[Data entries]
-*-
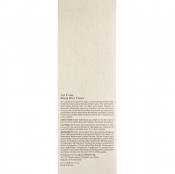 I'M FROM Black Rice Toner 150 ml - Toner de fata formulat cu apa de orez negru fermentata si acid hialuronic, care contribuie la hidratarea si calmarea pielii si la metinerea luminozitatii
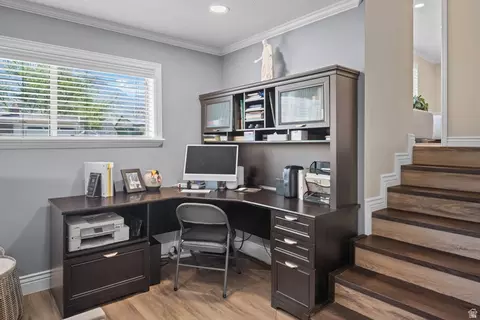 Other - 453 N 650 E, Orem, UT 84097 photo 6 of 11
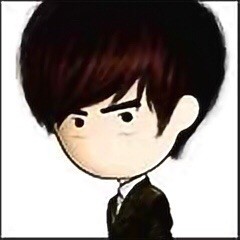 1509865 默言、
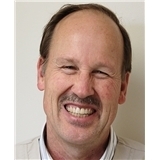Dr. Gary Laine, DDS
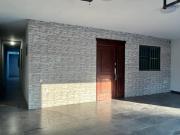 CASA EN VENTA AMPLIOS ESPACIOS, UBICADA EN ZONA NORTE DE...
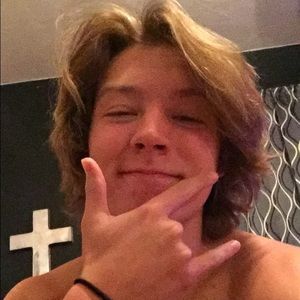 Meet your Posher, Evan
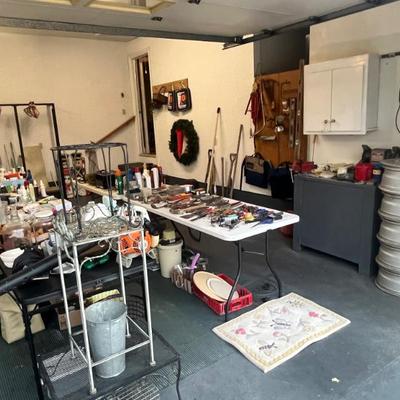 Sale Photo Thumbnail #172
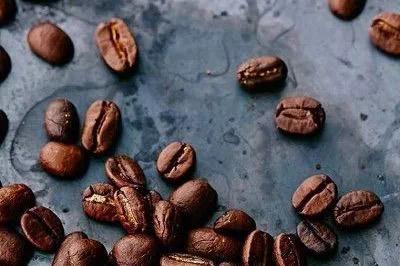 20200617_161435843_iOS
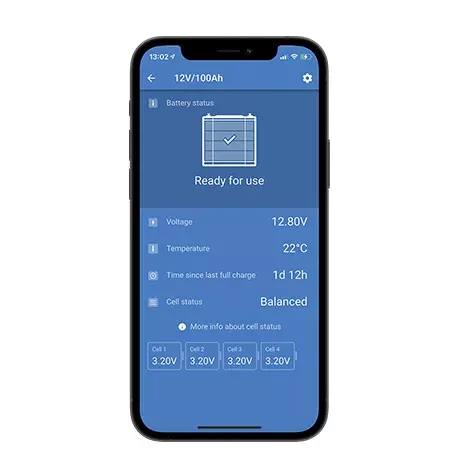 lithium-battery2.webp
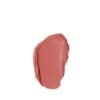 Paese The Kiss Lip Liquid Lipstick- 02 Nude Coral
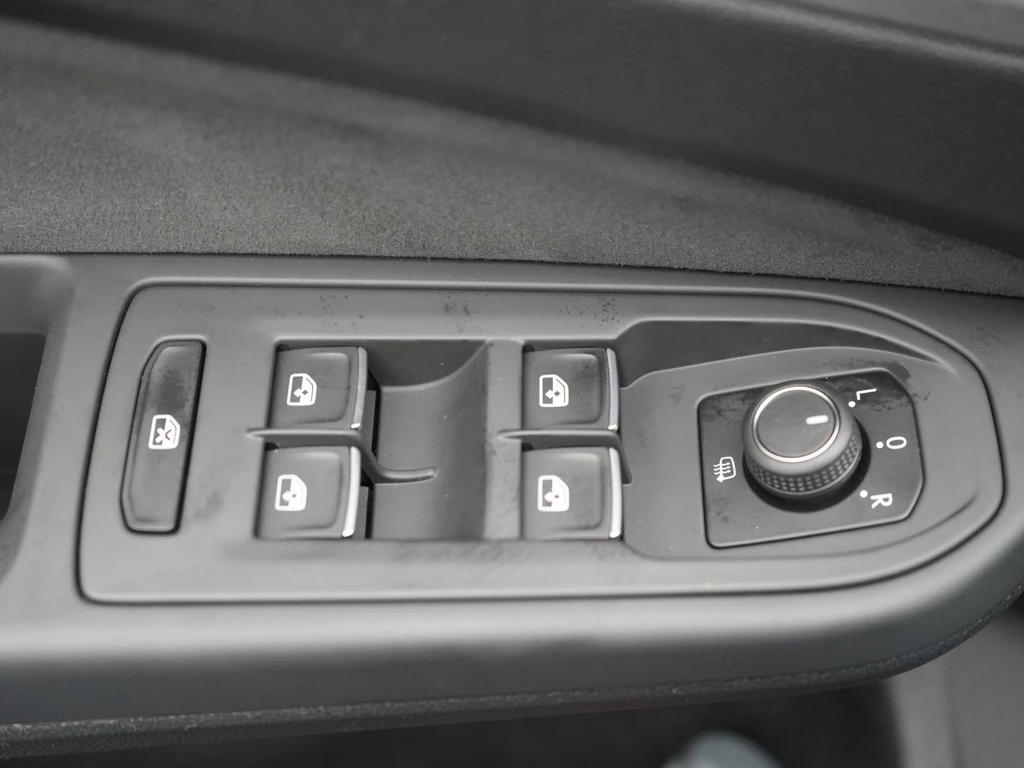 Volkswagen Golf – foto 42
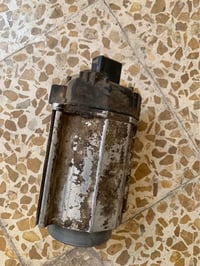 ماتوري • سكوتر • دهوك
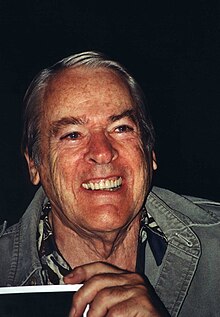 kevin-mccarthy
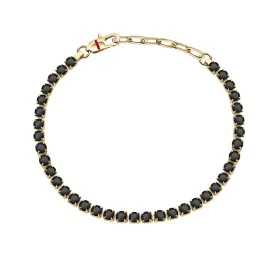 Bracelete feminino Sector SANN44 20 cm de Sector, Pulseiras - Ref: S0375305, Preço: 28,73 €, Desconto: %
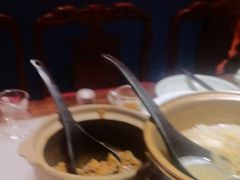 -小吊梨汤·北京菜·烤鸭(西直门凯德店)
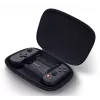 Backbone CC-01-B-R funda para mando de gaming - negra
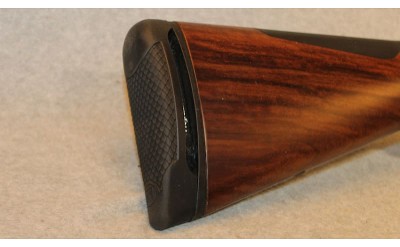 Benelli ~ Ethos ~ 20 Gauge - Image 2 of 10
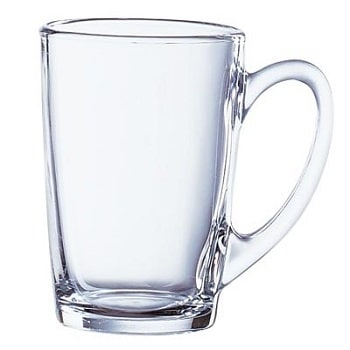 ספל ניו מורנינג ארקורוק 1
-*-
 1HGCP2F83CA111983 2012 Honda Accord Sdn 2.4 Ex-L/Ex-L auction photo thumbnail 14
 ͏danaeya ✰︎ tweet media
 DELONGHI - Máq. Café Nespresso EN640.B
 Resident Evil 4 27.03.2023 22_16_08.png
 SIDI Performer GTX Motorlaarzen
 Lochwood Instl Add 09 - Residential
-*-
Starting at the line above that holds "I'M FROM Black", repeat every line exactly down to and including the line that holds "CASA EN VENTA", then stop. Do not carry over any pictures.

 I'M FROM Black Rice Toner 150 ml - Toner de fata formulat cu apa de orez negru fermentata si acid hialuronic, care contribuie la hidratarea si calmarea pielii si la metinerea luminozitatii
 Other - 453 N 650 E, Orem, UT 84097 photo 6 of 11
 1509865 默言、
Dr. Gary Laine, DDS
 CASA EN VENTA AMPLIOS ESPACIOS, UBICADA EN ZONA NORTE DE...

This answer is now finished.